Project 05

Interpreter for a Simple Calculator Language
Phase 02 -- From Concrete to Abstract Syntax

Due by 5:00 PM on Friday, March 10, 2000

 

Purpose:

 

In this phase of development of your interpreter for a simple calculator language, you will build the module which converts from the concrete syntax of the language (as typed by the user and returned by the parser) to the abstract syntax (which you manipulate in your evaluator).

The Concrete Syntax of the Language

 

As explained in the last project, the calculator language is divided into two parts: expressions and commands.

Expressions

Expressions have the following syntax:

    binary-op ::= "+" | "-" | "*" | "/"
 
    exp-list ::= epsilon
               | exp exp-list
 
    exp ::= integer
          | real
          | id
          | "(" binary-op exp exp ")"
          | "(" id exp-list ")"
         

Thus they are either numeric literals, identifiers (i.e. variables), the application of a built-in prefix binary operator to a pair of expressions, or the application of a user defined operator to a (possibly empty) list of arguments (epsilon is the empty input). The application of a built-in or user-defined operator to a list of arguments is denoted by wrapping the application in parentheses (which are not optional).

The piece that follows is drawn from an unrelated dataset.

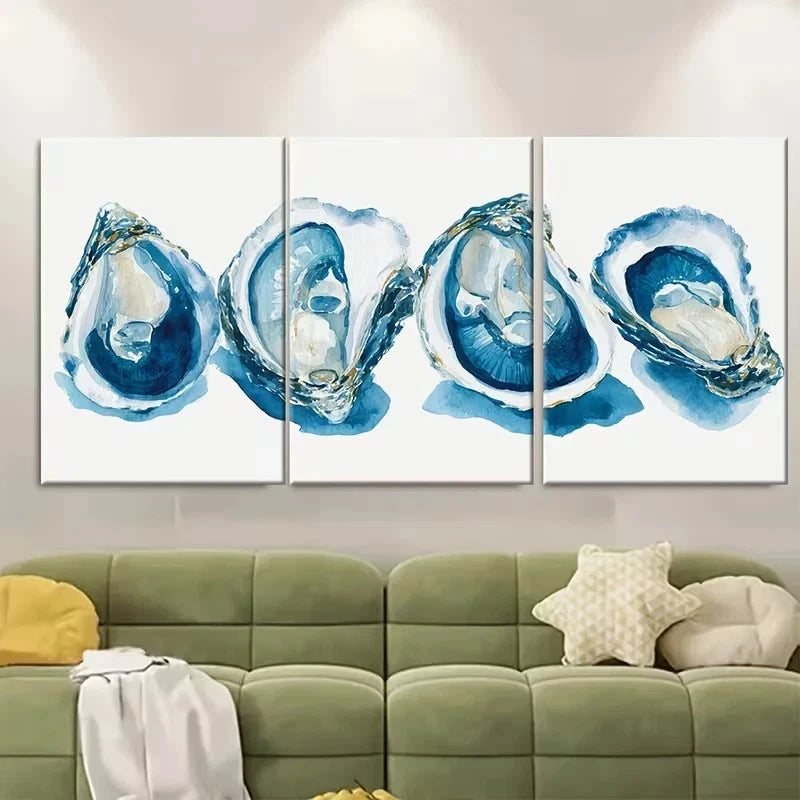 3pcs Coastal Oyster Watercolor Wall Art Set Canvas Framed 40x60cm – High Quality Print 100% Australian Made Wall Canvas Ready to Hang - Bella Home Decor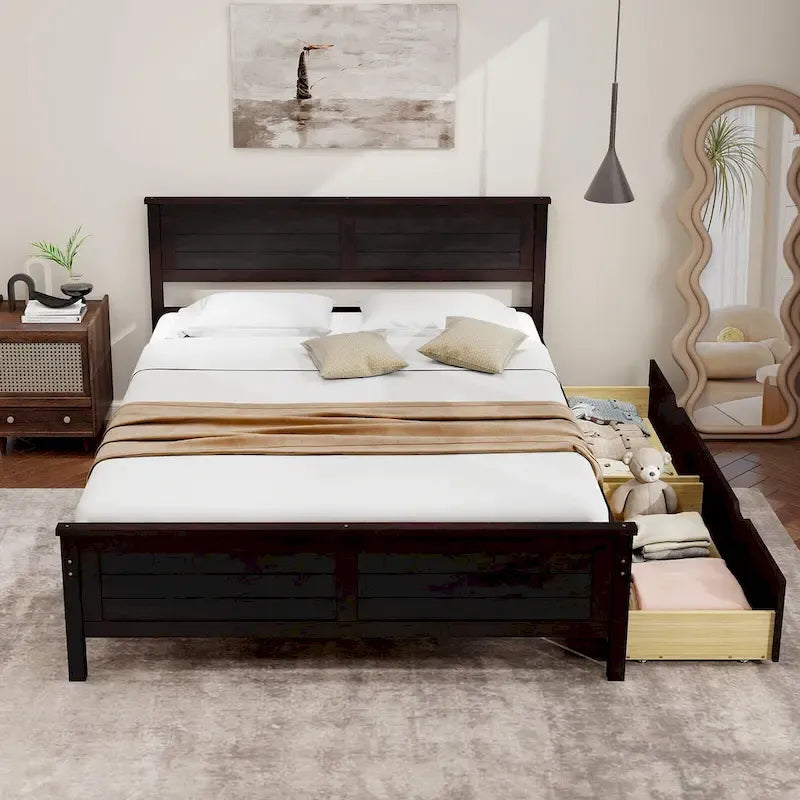 Struttura Letto in Legno Matrimoniale con 2 Cassetti Contenitore e Spazio Sotto-letto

Identifiers are constructed of one or more characters from a rich set of characters (as specified in /cs/cs131/proj_5/sexp-parser/sexp_lex) with no restriction on order of characters. Numbers are written with optional leading unary minus (written with a dash, not tilde) and optional decimal part. (if a decimal point is used, there must be digits before and after the point.) Because of the free syntax of identifiers, spacing is important in source programs. Running identifiers or numbers together with operators will likely lead to a valid identifier, rather than an application. For example (-3e) is the application of the identifier -3e to no arguments; it is not the same as the expression (- 3 e), which subtracts e from 3.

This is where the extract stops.